[Dataset records]
···

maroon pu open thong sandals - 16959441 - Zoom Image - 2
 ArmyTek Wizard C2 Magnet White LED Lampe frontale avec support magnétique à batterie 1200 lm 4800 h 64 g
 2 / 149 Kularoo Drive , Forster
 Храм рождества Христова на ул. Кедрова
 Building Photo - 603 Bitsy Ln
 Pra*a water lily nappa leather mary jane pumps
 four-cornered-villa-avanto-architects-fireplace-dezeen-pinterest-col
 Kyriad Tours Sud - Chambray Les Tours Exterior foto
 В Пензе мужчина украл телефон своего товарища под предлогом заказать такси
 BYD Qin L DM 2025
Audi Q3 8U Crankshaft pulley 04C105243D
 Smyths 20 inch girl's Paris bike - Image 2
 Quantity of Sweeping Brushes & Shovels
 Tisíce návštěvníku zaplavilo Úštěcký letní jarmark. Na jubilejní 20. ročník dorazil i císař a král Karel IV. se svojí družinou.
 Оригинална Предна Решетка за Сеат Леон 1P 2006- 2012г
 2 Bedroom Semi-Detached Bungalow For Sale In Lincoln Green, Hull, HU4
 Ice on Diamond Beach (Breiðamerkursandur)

···

Reproduce the records above exactly, from the first line through the line containing "Quantity of Sweeping Brushes & Shovels", and output nothing else.

maroon pu open thong sandals - 16959441 - Zoom Image - 2
 ArmyTek Wizard C2 Magnet White LED Lampe frontale avec support magnétique à batterie 1200 lm 4800 h 64 g
 2 / 149 Kularoo Drive , Forster
 Храм рождества Христова на ул. Кедрова
 Building Photo - 603 Bitsy Ln
 Pra*a water lily nappa leather mary jane pumps
 four-cornered-villa-avanto-architects-fireplace-dezeen-pinterest-col
 Kyriad Tours Sud - Chambray Les Tours Exterior foto
 В Пензе мужчина украл телефон своего товарища под предлогом заказать такси
 BYD Qin L DM 2025
Audi Q3 8U Crankshaft pulley 04C105243D
 Smyths 20 inch girl's Paris bike - Image 2
 Quantity of Sweeping Brushes & Shovels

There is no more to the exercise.